Discrimination in Markets

"You tell the trucking company that we have to service our customers. If they're not gonna help us, we're gonna find somebody who will."
--Brantley Foster (The Secret of My Success)

Some people argue that a producer should not be able to discriminate between customers. A baker, for example, should not be able to make a wedding cake for one couple while refusing to make a wedding cake for another couple. If a customer is refused service, then the strong arm of government should be applied to force the issue.

Proponents of this approach face several questions. Why isn't this situation akin to slavery? Slavery involves forcing individuals to produce output for others.

Furthermore, if it should be illegal for producers to discriminate between customers, then why shouldn't the opposite be true? Shouldn't customers be barred from discriminating between producers? If, for example, a buyer does not care for a seller's policy on making bathrooms available to the public, then why should that buyer be allowed to discriminate by boycotting that seller and/or taking business elsewhere?

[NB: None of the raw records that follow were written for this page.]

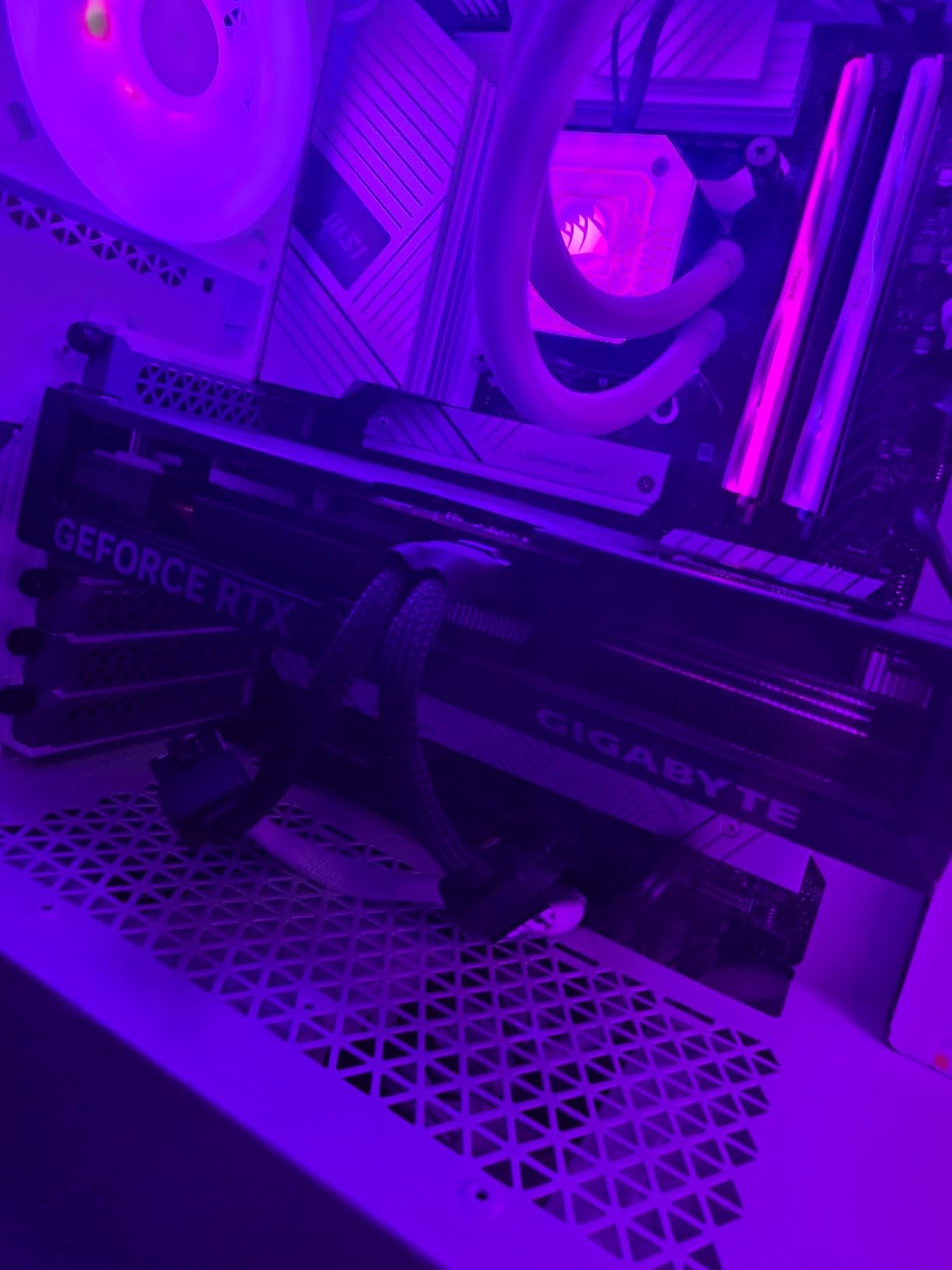 GIGABYTE GeForce RTX 4070 Super WINDFORCE OC 12G Graphics Card, 3X WINDFORCE Fans, 12GB 192-bit GDDR6X, GV-N407SWF3OC-12GD Video Card - Customer Photo 1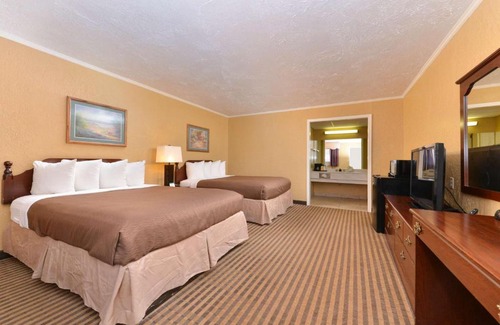 Elk City Hotel | Executive Plus Inn and Suites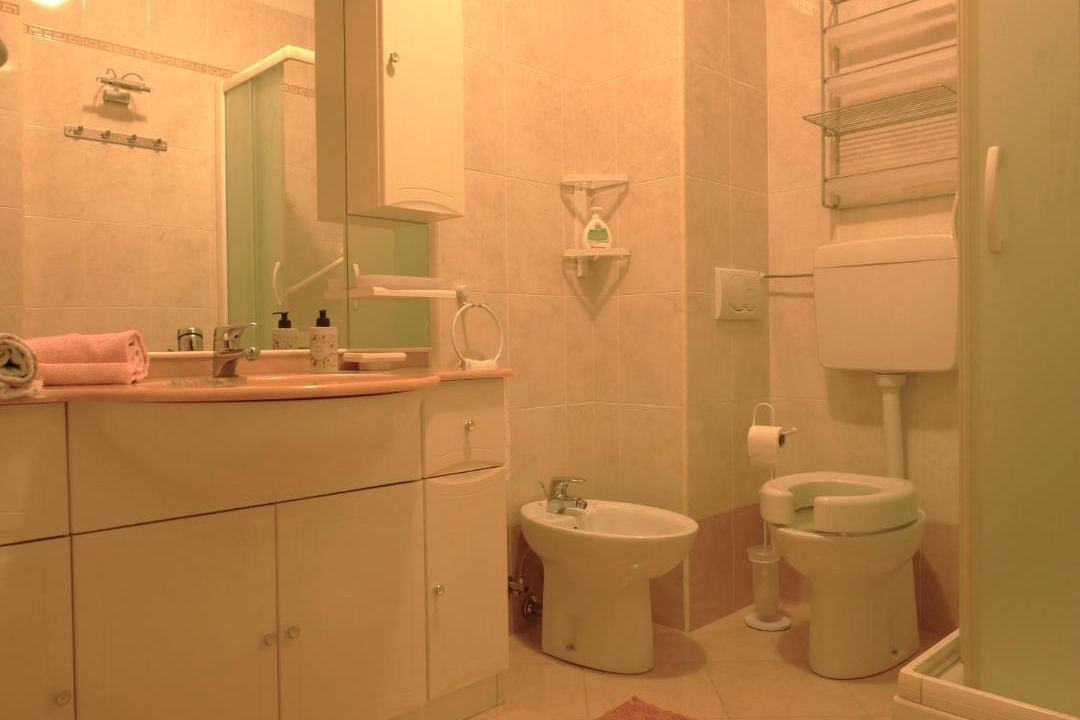 Photo of Bathroom in San Giovanni-Chiadino-Rozzol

The solution on both the buyer and seller sides is to remove government intervention from the equation and permit peaceful discrimination of all types. Indeed, markets operate on the basis of peaceful discrimination. Economic actors must prioritize, choose between alternatives, and cope with trade offs. This can only be done effectively through processes of discrimination.

If those processes of discrimination lead to bad decisions, then no government force is necessary to correct them. Poor discriminatory processes are sanctioned naturally by economic forces. A baker who refuses a customer loses business. A customer that boycotts a producer foregoes valuable products.

Because poor discrimination dents people's wallets, it causes people to think twice about perpetuating those unwise decisions. It also creates opportunity for entrepreneurs to better satisfy needs that have gone unmet in the past.

When not subject to violent intervention, discrimination in markets facilitates natural learning and improvement.